Currently, pilot testing for the application is voluntary, with only about 20 participants involved thus far. ABC reports participation of around 50 people. Their goal is to tout the successful implementation of the app as an alternate method for required 14-day quarantines.

It’s Either This or That

It’s difficult to say with complete certainty that South Australians, or any Australians for that matter, actually want this application initiative. Current news columns and input from Australian government officials would have us believe that this was a route chosen by the people—after all, Australia is a democracy. The alternative to home-based quarantine in Australia is currently quarantining at a hotel or a quarantine facility if you are returning to the Northern Territory—such as the Howard Springs Centre of National Resilience.

Fees for the 14-day quarantine period at hotels and Howard Springs are incredibly steep, running upwards of $2,500 per person, or $5,000 per family. It’s small wonder why people would be more inclined to vouch for a program that allows them to be at home, rather than forking over thousands of dollars to be in a copy-and-paste internment camp or hotel room. In lieu of supporting an app that spies on them, it seems like a vote for the lesser of two evils.

The Australian government is clearly suffering from the binary problem. They believe there is only this choice or that choice. Black and white thinking, taken to such a high degree that they are willing to blatantly, in few minced words, state a complete distrust of their own population. Which begs a question that Conor Friedersdorf asks in his recent column in The Atlantic—how long can a democracy maintain emergency restrictions and still call itself a free country?

Covid-19 has provided the world with many important take-aways—economic preparation given the advent of a pandemic. The ability to go remote and have a large percent of your workforce operate from home. Being able to implement researched vaccines in a positive, hastened way. The list can go on as there’s no shortage of important tactics we need to remember going forward.

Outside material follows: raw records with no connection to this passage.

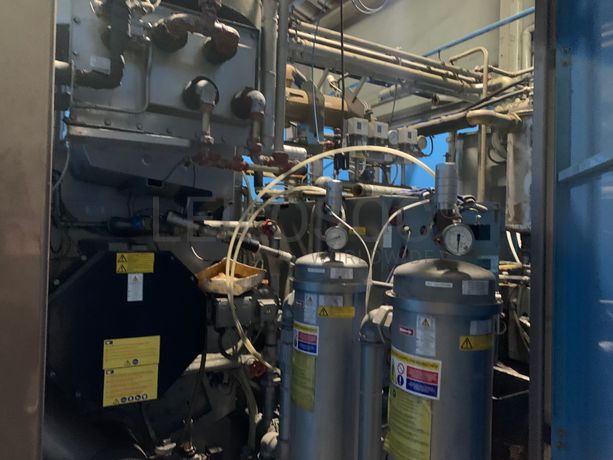 Máquina Desengordamento Union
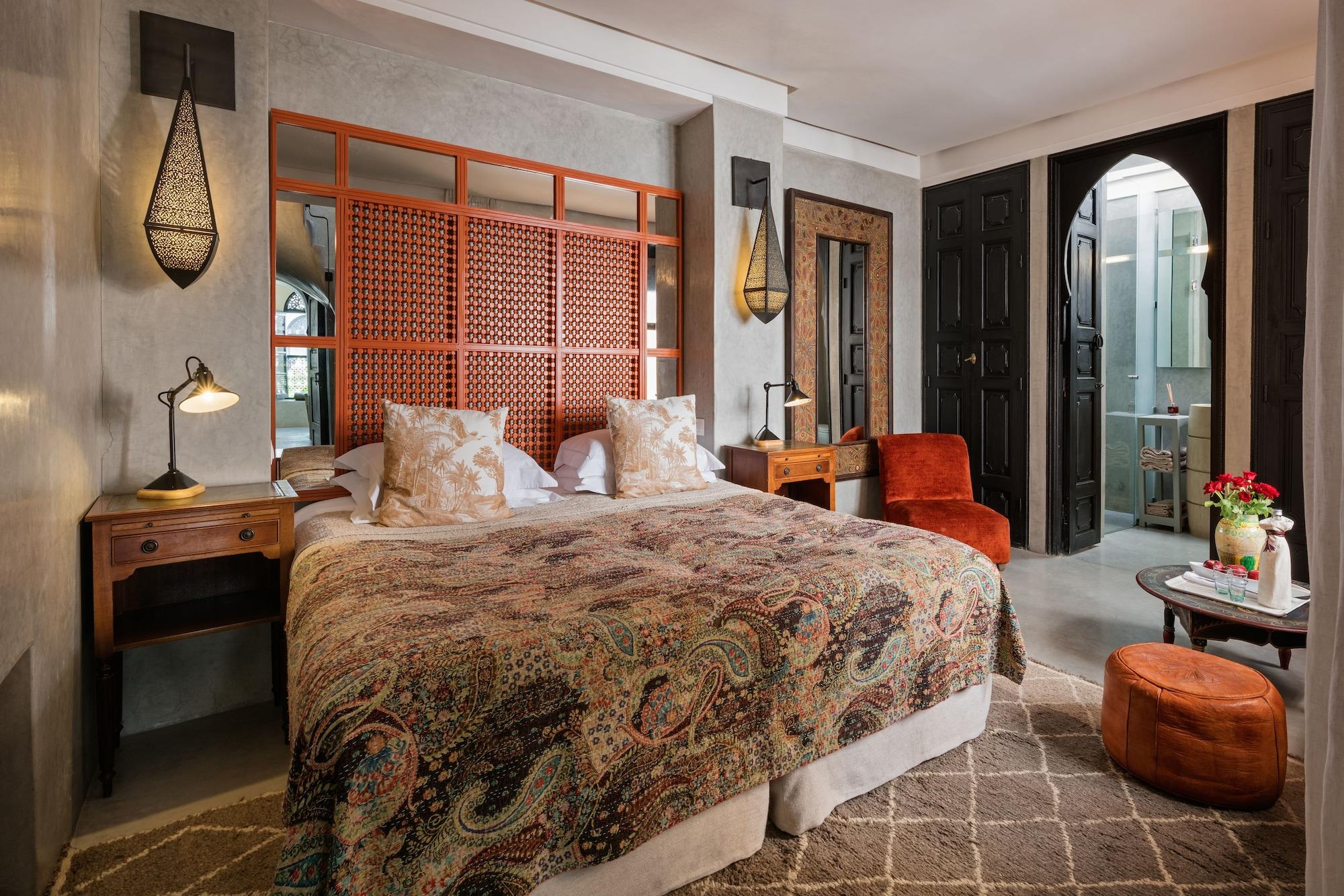 72 & Riad Marrakesh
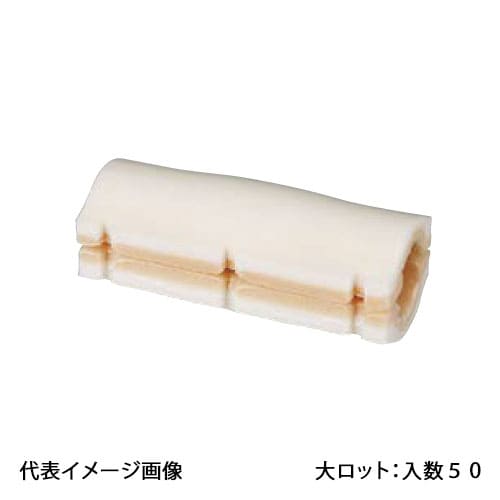【WJ3H-20】オンダ製造所 あと継ぎ用保温材 引っ切り無い 10粍保温材 20A用 大ロット 入数:50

However, a fundamental take-home point that seems to be brushed under the rug is what society and its leaders will do in the name of public safety. Covid-19 tested our willingness to obey governmental rule, with the pendulum swinging wide toward the side of willful, blind adherence. This new application in Australia is an apex example of such unaware cooperation. The critical problems of the world are shaded in black and white—they can either lock you in a hotel room or lock you in your home. Either way, they’ll be watching you. Either way, they’ll say it’s for your own good, for the health and safety of everyone else. Who are you to say otherwise?

If you speak out, claiming that neither option seems appropriate, you’re labeled a heretic that seeks to harm the health of those around you. If you aren’t with them, you’re against them. Even if you really just want what’s best for everyone, without treading on the ides of freedom and liberty.

Viewing everything as we see our sports teams, our party system, the moral themes of our movies—everything as this jersey or that one, red or blue, good or evil—it’s a prison. One that we can only break out of if we reject a binary form of consciousness and notice the dominos tipping before it’s too late.